When it comes to transportation, the democratization Grossman is talking about could come in the form of a small cylinder attached to a long cable that you can lay across a street or bike lane to quickly and easily conduct your own traffic count. You can even track vehicle speeds. Then you plug it into your computer and it creates a database and even maps the data for you. It’s called TrafficCOM, and its creators are trying to kick-start $50,000 right now to produce them.

Mary Lauran Hall of the Alliance for Biking and Walking was impressed when TrafficCOM developer Aurash Khawarzad gave a demonstration at the Alliance office:

The visit got me thinking about how helpful a low-cost traffic measuring device could be for biking and walking advocacy organizations. A simple $200 portable device for measuring traffic and speed could make it much easier for advocates and community leaders to make data-based arguments about street safety. Imagine being able to easily measure average car speed on a particularly problematic street, or being able to quantify just how popular a new bike lane is.

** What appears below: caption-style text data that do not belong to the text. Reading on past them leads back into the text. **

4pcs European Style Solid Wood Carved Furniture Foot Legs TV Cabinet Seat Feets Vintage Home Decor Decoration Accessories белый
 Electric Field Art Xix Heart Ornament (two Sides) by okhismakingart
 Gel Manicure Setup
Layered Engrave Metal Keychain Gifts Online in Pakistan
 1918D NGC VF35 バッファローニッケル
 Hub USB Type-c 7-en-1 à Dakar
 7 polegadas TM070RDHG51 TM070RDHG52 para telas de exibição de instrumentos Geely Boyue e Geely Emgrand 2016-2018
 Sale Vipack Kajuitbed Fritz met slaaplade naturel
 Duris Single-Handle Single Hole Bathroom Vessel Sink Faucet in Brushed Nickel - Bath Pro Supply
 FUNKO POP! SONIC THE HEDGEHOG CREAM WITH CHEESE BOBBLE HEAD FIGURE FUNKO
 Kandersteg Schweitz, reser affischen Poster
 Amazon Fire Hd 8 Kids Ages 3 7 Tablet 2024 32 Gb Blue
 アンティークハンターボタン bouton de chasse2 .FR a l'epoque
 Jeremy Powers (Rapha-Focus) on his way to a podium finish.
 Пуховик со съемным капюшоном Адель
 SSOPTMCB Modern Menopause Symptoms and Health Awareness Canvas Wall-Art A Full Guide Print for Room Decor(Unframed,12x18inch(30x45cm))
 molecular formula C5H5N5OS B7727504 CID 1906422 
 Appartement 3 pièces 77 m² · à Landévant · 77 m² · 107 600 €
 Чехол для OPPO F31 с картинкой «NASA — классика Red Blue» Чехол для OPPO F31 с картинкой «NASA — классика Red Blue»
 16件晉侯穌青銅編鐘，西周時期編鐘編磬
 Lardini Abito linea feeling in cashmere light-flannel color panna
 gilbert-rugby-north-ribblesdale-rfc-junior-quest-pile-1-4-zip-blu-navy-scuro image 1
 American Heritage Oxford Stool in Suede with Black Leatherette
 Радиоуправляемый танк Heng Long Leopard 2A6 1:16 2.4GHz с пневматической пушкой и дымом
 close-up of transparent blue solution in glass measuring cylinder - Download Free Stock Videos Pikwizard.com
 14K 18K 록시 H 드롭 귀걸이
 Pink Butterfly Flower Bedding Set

Anyone who pledges $200 or more on Kickstarter will receive one of the devices. For that price you get up-to-the-minute, easy-to-obtain information about how people are using your local streets. It’s a whole lot cheaper than this fancy bike counter Copenhagen installed a couple years ago, and a whole lot simpler than standing out there with a clipboard and a clicker.

Washington, DC, bike activist Jameel Alsalam recently asked friends on Facebook to join him in supporting the project.

"The relative lack of data on bicycling in DC can be frustrating," he wrote. "Other than personal observations, it can be hard to know what streets are the most important connections for cyclists. Or how much usage new bike lanes are getting. Or how the number of crashes in various locations relates to the number of cyclists using that road."

Alsalam wanted to drum up enough support to get a few of the devices and distribute them in the local cycling community so that activists could work together on collecting and using bicycle counts.

He may not have the chance.

With just four days left on the kickstarter, Khawarzad and his co-inventor, Ted Ullrich, have raised less than 20 percent of their goal. For those unfamiliar with the Kickstarter model, here's what that means: If they don’t reach their $50,000 goal, they don’t get to keep any of the $9,809 pledged so far.

But Khawarzad says that won’t stop them. “We are planning on moving forward with other options, which would include pursuing grant money or other investment,” he said in an email. Let’s hope there are other lifelines available.